## Work to be completed
Word for word, restate the data that follows, omitting the images.

*** Opening of Material provided ***

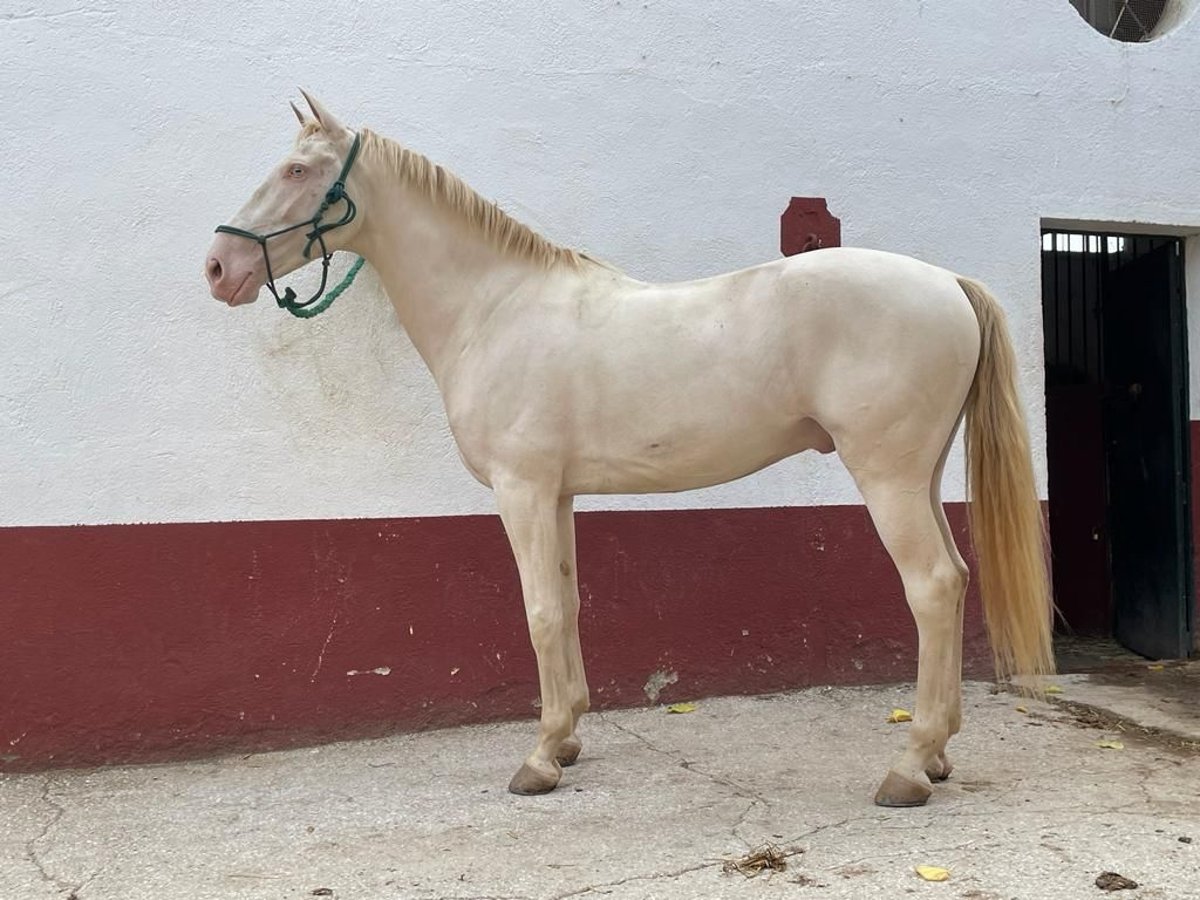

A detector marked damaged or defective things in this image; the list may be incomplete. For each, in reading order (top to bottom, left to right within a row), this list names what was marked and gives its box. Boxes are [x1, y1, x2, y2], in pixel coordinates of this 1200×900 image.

cracked pavement [0, 684, 1192, 900]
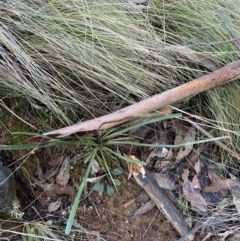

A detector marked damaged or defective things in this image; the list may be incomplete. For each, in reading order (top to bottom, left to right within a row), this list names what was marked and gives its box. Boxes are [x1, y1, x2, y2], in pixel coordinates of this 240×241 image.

broken stick fragment [133, 166, 195, 241]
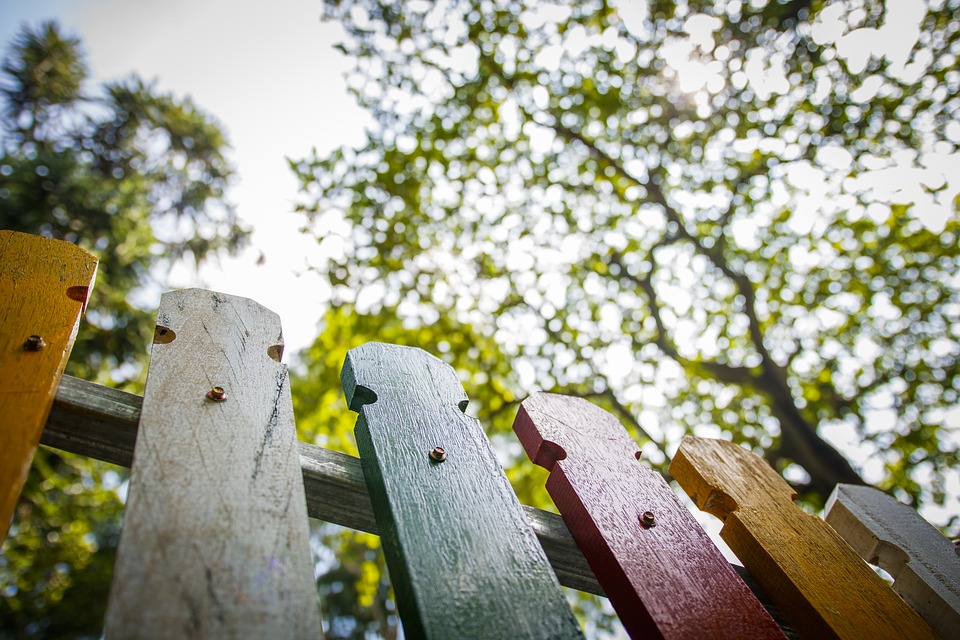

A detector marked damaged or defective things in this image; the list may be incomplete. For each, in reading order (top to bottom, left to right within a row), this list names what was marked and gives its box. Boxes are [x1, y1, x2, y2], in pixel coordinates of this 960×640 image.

rusty screw head [207, 384, 228, 400]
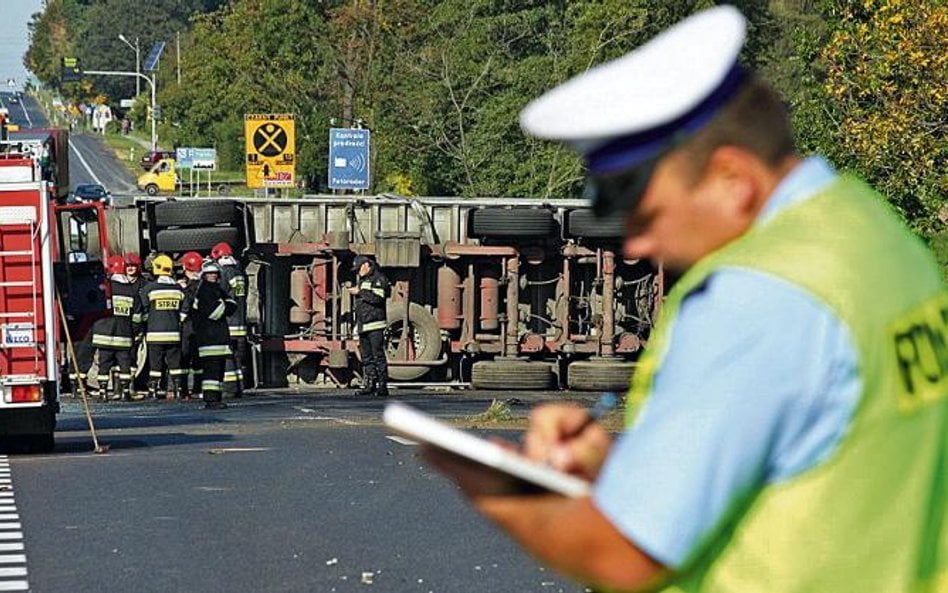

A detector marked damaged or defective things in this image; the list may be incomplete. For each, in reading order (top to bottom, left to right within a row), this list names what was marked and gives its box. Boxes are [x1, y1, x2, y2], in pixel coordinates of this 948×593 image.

overturned truck [109, 193, 660, 388]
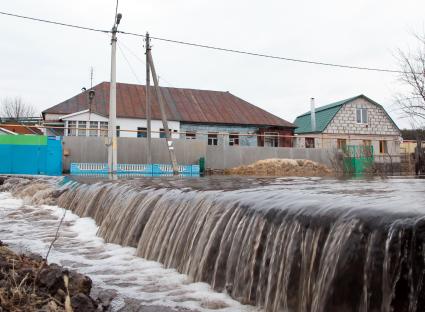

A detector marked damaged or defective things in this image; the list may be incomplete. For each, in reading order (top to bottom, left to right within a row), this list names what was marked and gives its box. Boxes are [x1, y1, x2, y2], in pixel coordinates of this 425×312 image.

rusty metal roof [43, 82, 294, 129]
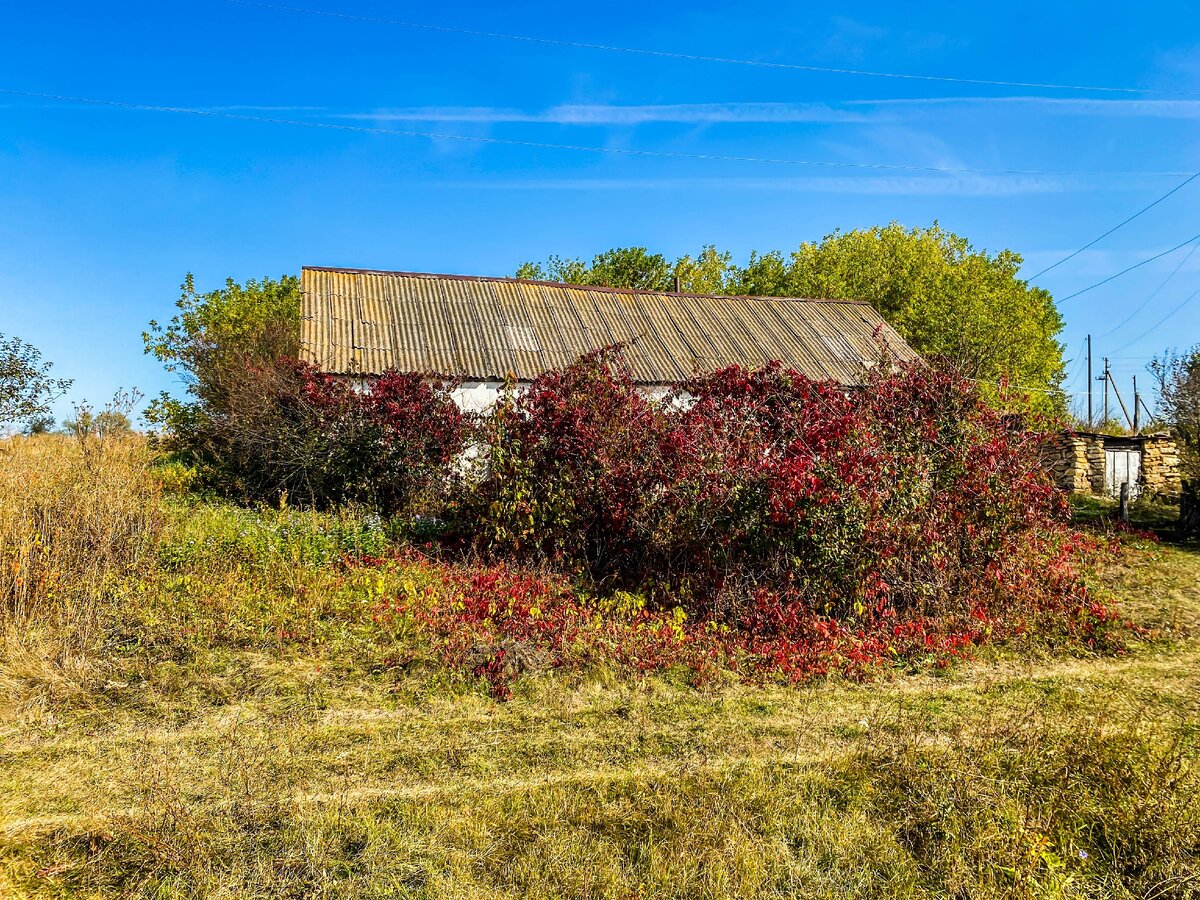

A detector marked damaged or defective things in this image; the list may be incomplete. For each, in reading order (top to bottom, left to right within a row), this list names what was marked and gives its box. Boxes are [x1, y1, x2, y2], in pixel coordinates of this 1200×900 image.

rusty roof edge [302, 266, 873, 309]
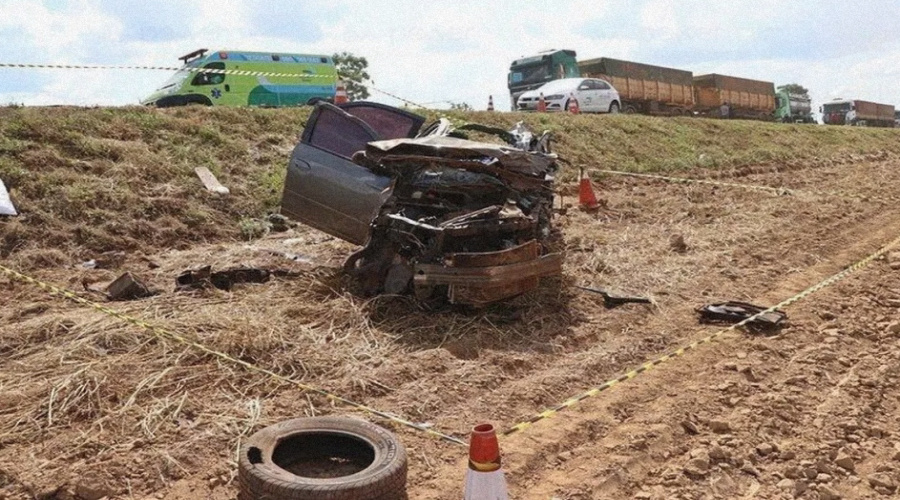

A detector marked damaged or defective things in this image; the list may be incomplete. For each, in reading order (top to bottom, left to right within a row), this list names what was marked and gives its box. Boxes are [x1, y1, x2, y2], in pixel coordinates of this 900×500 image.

detached car door [280, 103, 424, 246]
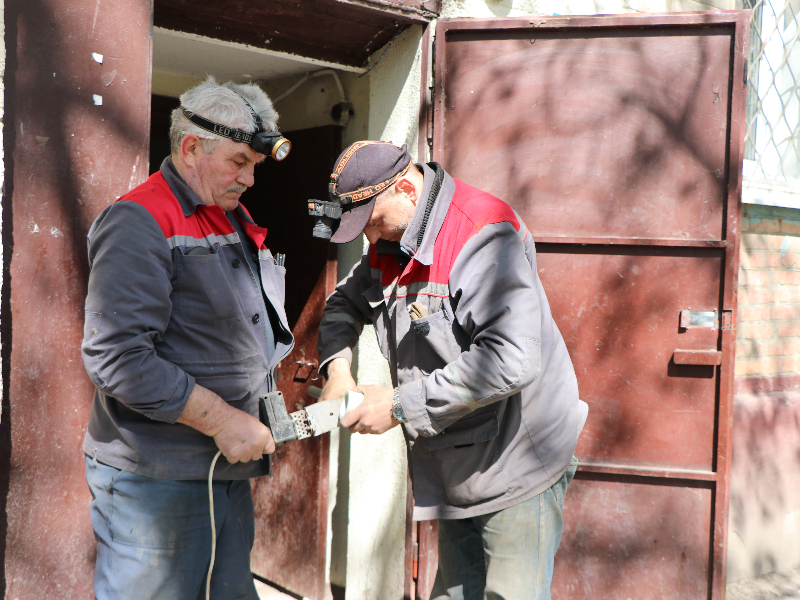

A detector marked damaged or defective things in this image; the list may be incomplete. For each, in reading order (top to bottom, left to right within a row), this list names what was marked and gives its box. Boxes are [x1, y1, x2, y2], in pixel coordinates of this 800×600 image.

corroded metal surface [432, 11, 752, 596]
rusty metal gate [432, 10, 752, 600]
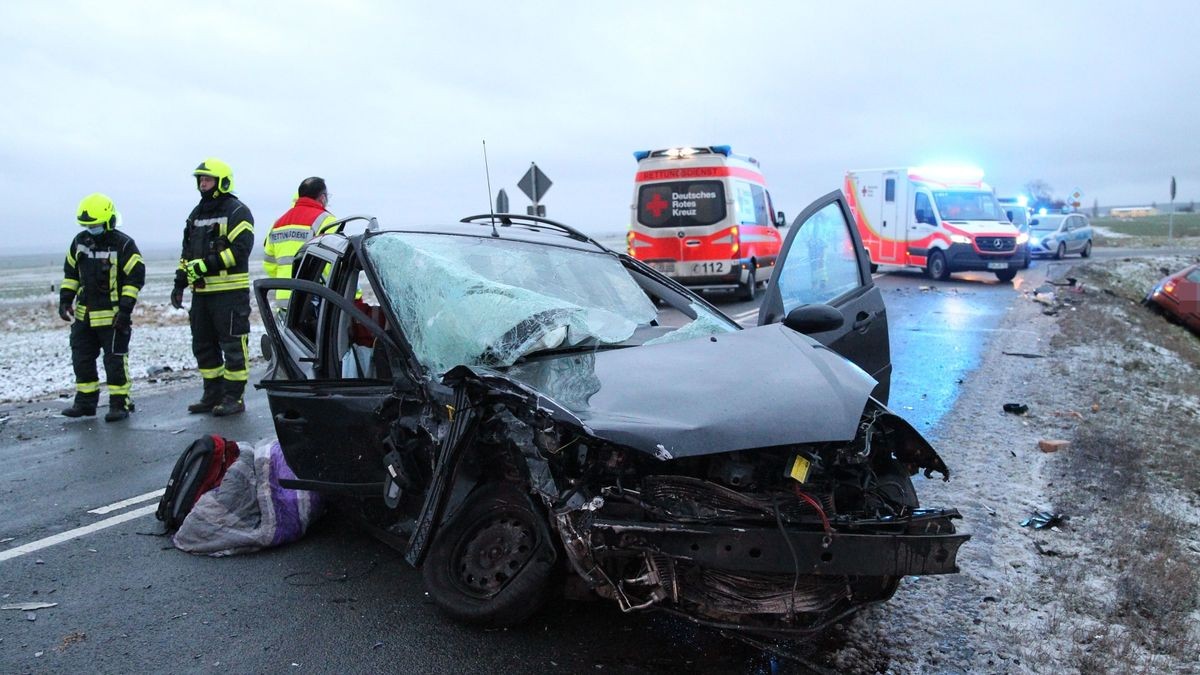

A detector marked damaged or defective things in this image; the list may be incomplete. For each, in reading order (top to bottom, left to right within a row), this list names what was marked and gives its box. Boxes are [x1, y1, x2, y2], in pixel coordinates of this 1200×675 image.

shattered windshield [366, 234, 736, 378]
severely damaged car [253, 191, 964, 640]
damaged second vehicle [258, 191, 972, 640]
crumpled hood [474, 326, 876, 462]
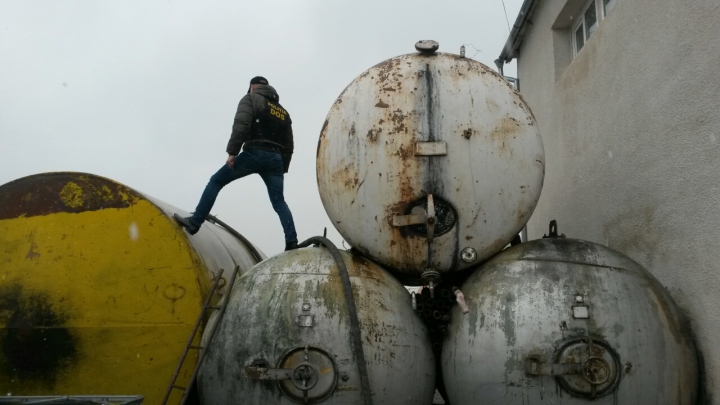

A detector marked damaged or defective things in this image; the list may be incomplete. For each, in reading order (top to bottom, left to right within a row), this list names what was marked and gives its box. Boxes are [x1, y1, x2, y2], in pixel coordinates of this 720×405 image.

rusty metal tank [316, 41, 544, 280]
rusty metal tank [0, 172, 264, 402]
rusty metal tank [197, 248, 434, 402]
rusty metal tank [438, 234, 696, 404]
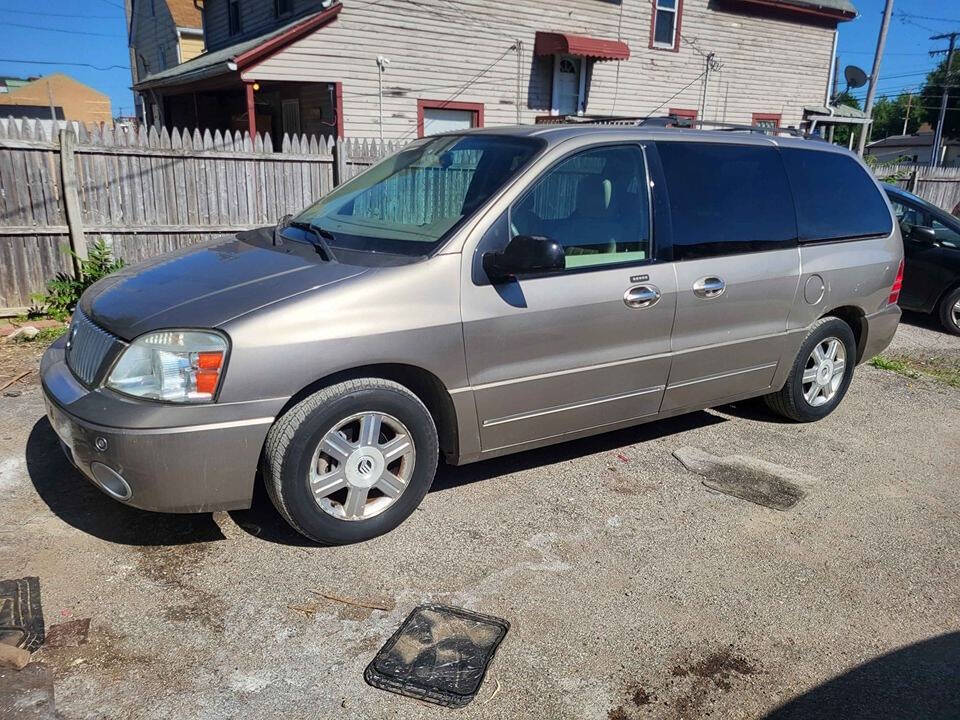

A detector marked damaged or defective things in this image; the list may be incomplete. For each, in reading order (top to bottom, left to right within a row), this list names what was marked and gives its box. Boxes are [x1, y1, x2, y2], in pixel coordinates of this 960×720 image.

cracked asphalt [0, 316, 956, 720]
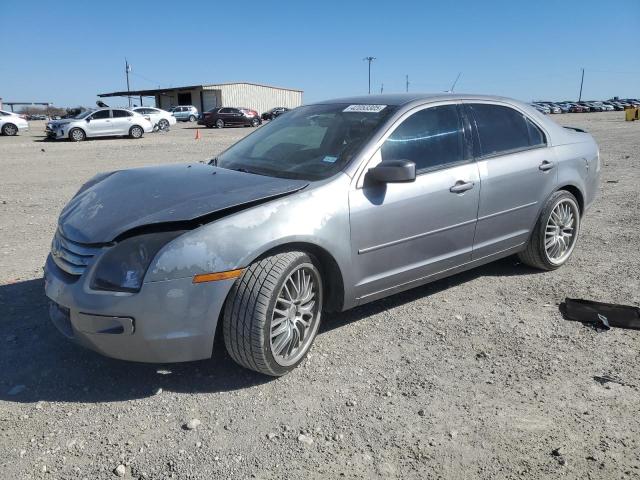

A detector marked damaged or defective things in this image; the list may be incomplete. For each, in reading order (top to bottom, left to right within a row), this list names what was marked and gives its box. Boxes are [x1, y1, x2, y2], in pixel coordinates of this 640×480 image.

dented hood [58, 163, 308, 244]
cracked headlight [92, 230, 188, 292]
damaged front bumper [43, 255, 236, 360]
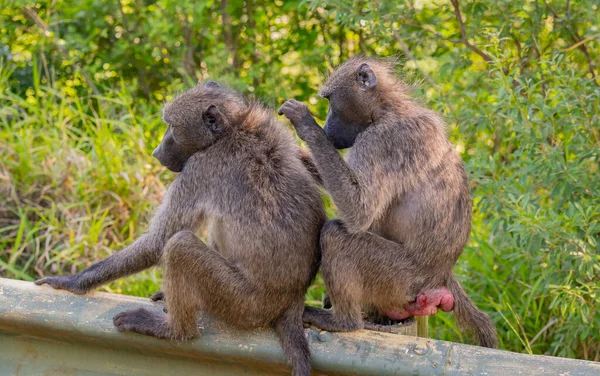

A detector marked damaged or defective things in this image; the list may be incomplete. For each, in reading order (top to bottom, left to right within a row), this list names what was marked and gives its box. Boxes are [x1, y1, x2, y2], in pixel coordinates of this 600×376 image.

rusty metal rail [1, 278, 600, 374]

*** Close of Material provided ***

## Task result
A detector marked damaged or defective things in this image; the list may be incomplete. For each, in reading order (top to bottom, left to right within a row), this list names what was marked and gives its box. Boxes are [x1, y1, x2, y2], in pixel coordinates of this 1200×900 image.

cracked pavement [0, 684, 1192, 900]

A detector marked damaged or defective things in this image; the list may be incomplete. For each, in reading order (top to bottom, left to right within a row), this list names what was marked and gives its box. Boxes are [x1, y1, x2, y2], in pixel coordinates of this 240×241 image.

broken stick fragment [133, 166, 195, 241]

A detector marked damaged or defective things in this image; the list may be incomplete. For each, in reading order (top to bottom, left to right within a row), this list names what was marked and gives its box. Boxes are [x1, y1, x2, y2], in pixel coordinates of this 960×640 image.

rusty screw head [207, 384, 228, 400]

A detector marked damaged or defective things in this image; the list may be incomplete. For each, in reading order (top to bottom, left to right within a row), this list names what was marked and gives its box. Boxes are [x1, y1, x2, y2], in pixel coordinates of this 948×593 image.

overturned truck [109, 193, 660, 388]

A detector marked damaged or defective things in this image; the list may be incomplete. For each, in reading order (top to bottom, left to right within a row), this list names what was marked and gives its box. Boxes are [x1, y1, x2, y2], in pixel coordinates of this 425×312 image.

rusty metal roof [43, 82, 294, 129]

A detector marked damaged or defective things in this image; the list may be incomplete. For each, in reading order (top to bottom, left to right within a row), this list names what was marked and gives its box. Boxes are [x1, y1, x2, y2], in pixel coordinates of this 1200×900 image.

rusty roof edge [302, 266, 873, 309]

A detector marked damaged or defective things in this image; the list may be incomplete. For each, in reading order (top to bottom, left to right within a row), this list names what was marked and gives its box. Boxes are [x1, y1, x2, y2], in pixel coordinates of this 900×500 image.

detached car door [280, 103, 424, 246]

A detector marked damaged or defective things in this image; the list may be incomplete. For each, in reading order (top to bottom, left to right within a row), this list names what was marked and gives its box. Boxes are [x1, y1, x2, y2], in pixel coordinates of this 800×600 image.

corroded metal surface [432, 11, 752, 596]
rusty metal gate [432, 10, 752, 600]

A detector marked damaged or defective things in this image; the list may be incomplete. For each, in reading order (top to bottom, left to right within a row), this list names what was marked and gives its box. Boxes are [x1, y1, x2, y2], in pixel coordinates of this 1200×675 image.

shattered windshield [366, 234, 736, 378]
severely damaged car [253, 191, 964, 640]
damaged second vehicle [258, 191, 972, 640]
crumpled hood [474, 326, 876, 462]

A detector marked damaged or defective things in this image; the list may be incomplete. For each, in reading order (top to bottom, left to right within a row), this list names what was marked and gives its box. Boxes are [x1, y1, x2, y2], in pixel coordinates of this 720×405 image.

rusty metal tank [316, 41, 544, 280]
rusty metal tank [0, 172, 264, 402]
rusty metal tank [197, 248, 434, 402]
rusty metal tank [438, 234, 696, 404]

A detector marked damaged or defective things in this image; the list may be incomplete. For each, in reading order (top to bottom, left to right within a row), this list names what was marked and gives its box. Boxes are [x1, y1, x2, y2], in pixel coordinates of this 960×720 image.

cracked asphalt [0, 316, 956, 720]

A detector marked damaged or defective things in this image; the list may be incomplete. For each, in reading order (top to bottom, left to right within a row), this list names what was marked and gives its box. Boxes are [x1, y1, x2, y2], in pixel coordinates of this 640×480 image.

dented hood [58, 163, 308, 244]
cracked headlight [92, 230, 188, 292]
damaged front bumper [43, 255, 236, 360]

A detector marked damaged or defective things in this image; the list may be incomplete. For each, in reading order (top to bottom, left to right within a row), this list names what was marked and gives its box. Boxes are [x1, y1, x2, y2], in pixel coordinates of this 600×376 image.

rusty metal rail [1, 278, 600, 374]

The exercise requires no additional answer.